The DECOVALEX Project is typically conducted in separate 3-4 year project phases. Each phase features a small number (typically three to six) modeling test cases of importance to radioactive waste disposal. Many test cases are laboratory and field experiments that have been conducted by one of the project partners and are then collectively studied and modeled by DECOVALEX participants. Numerical modeling of these test cases can assist both to interpret the test results and to test the models used. Over the years, a number of large-scale, multiyear field experiments have been studied within the project (e.g., the Kamaishi THM Experiment, FEBEX, and the Yucca Mountain drift-scale heater test). Thus, the project provides access to valuable technical data and expertise to DECOVALEX partner organizations; this is particularly useful in disposal programs that are starting their research on certain disposal or repository environments and have no underground research laboratories (URLs). DECOVALEX has a modeling focus, but with tight connection to experimental data.

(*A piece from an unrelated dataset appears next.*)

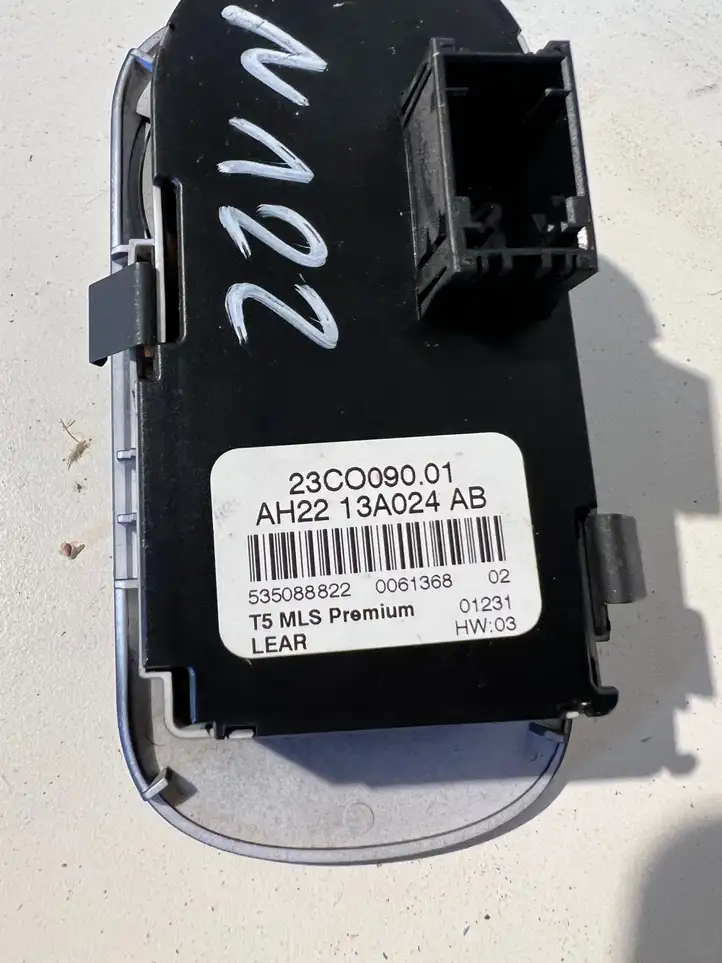 Land Rover Discovery 4 - LR4 (2009 - 2013) AH2213A024AB Включатель фонарей — фото 3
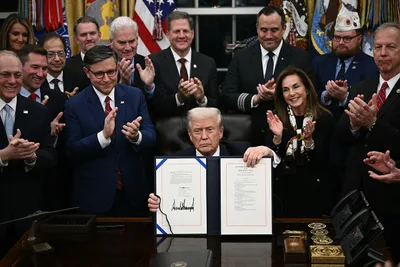 Trump's week in review: Syrian president visits White House, gov't shutdown ends, BBC apologizes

Energy Geosciences Division Director, Jens Birkholzer was recently named the Chairman of the DECOVALEX Project, and LBNL is now serving as the coordinating organization for DECOVALEX. In addition, LBNL scientists have participated as modeling teams in various past DECOVALEX phases and several DECOVALEX projects. The current DECOVALEX Project phase (referred to as D-2019) started in Spring 2016 and will run through the end of 2019. Modeling tasks tackled in the current phase are:

  • Task A: ENGINEER – Modeling advective gas flow through low permeability materials.
  • Task B: Fault Slip Test – Modelling the induced slip of a fault in argillaceous rock.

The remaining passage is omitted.